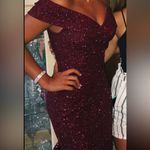 Jovani Maroon Sparkly Prom Dress Photo 1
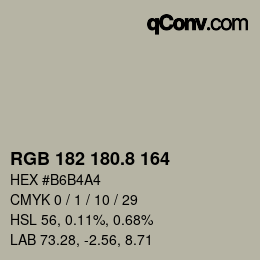 Color code: RGB 182 180.8 164 | qconv.com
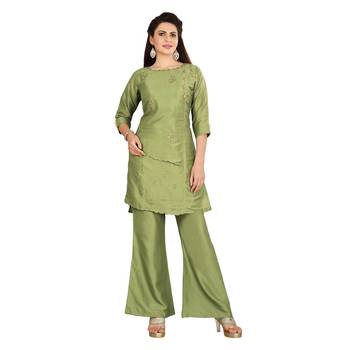Olive embroidered silk kurtas-and-kurtis 1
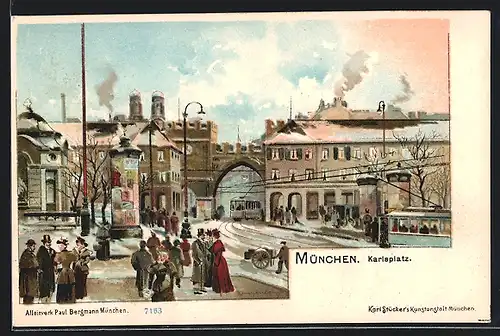 Lithographie München, Motiv vom Karlsplatz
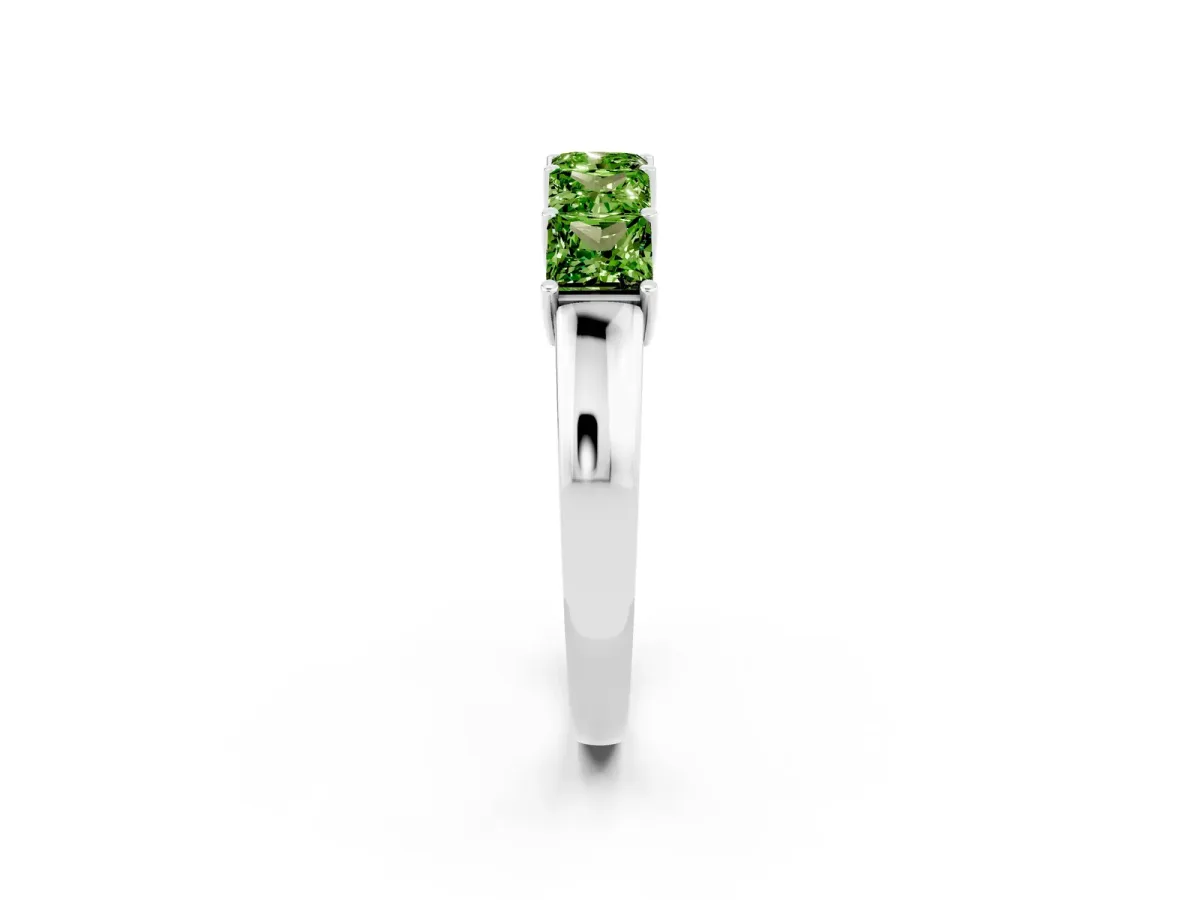 Princess Cut Five-Stone Peridot Band with Prong Setting Platinum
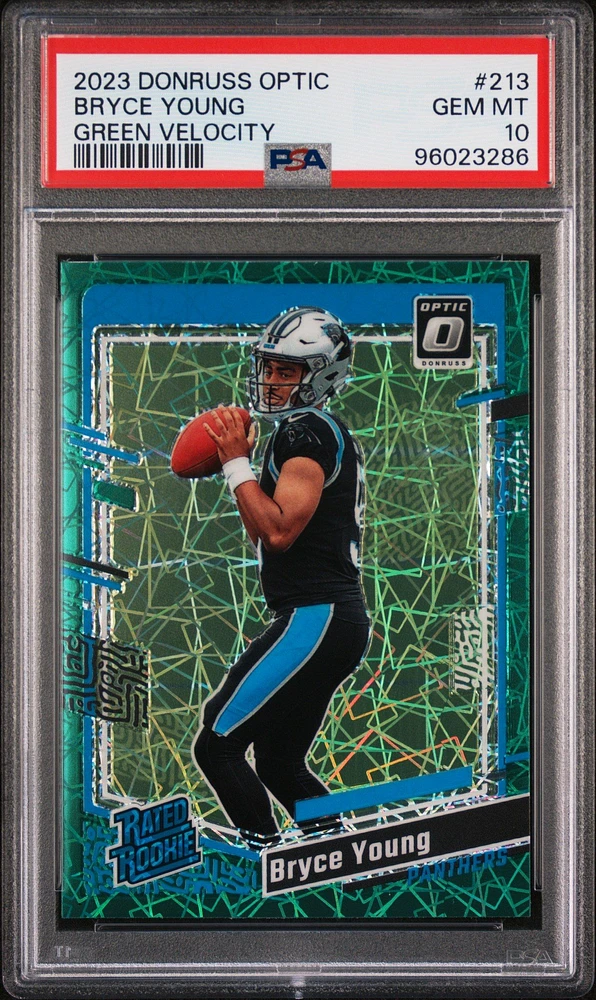 2023 Panini Donruss Optic 213 Bryce Young Green Velocity PSA 10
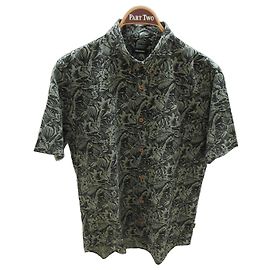 Autre Marque Matinique Tropical Print Short Sleeve Shirt Black Green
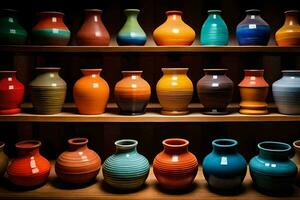 a shelf full of colorful vases on a wooden shelf. AI-Generated photo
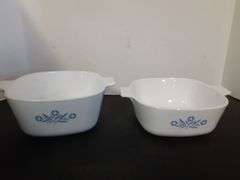 (2) Corning Ware Casserole Dishes and (1) Lid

§ What the task asks:
The copy has to start at the line that contains "Princess Cut Five-Stone" and end at the last line of the material above, matching the original exactly and holding no pictures.

§ Exercise answer:
 Princess Cut Five-Stone Peridot Band with Prong Setting Platinum
 2023 Panini Donruss Optic 213 Bryce Young Green Velocity PSA 10
 Autre Marque Matinique Tropical Print Short Sleeve Shirt Black Green
 a shelf full of colorful vases on a wooden shelf. AI-Generated photo
 (2) Corning Ware Casserole Dishes and (1) Lid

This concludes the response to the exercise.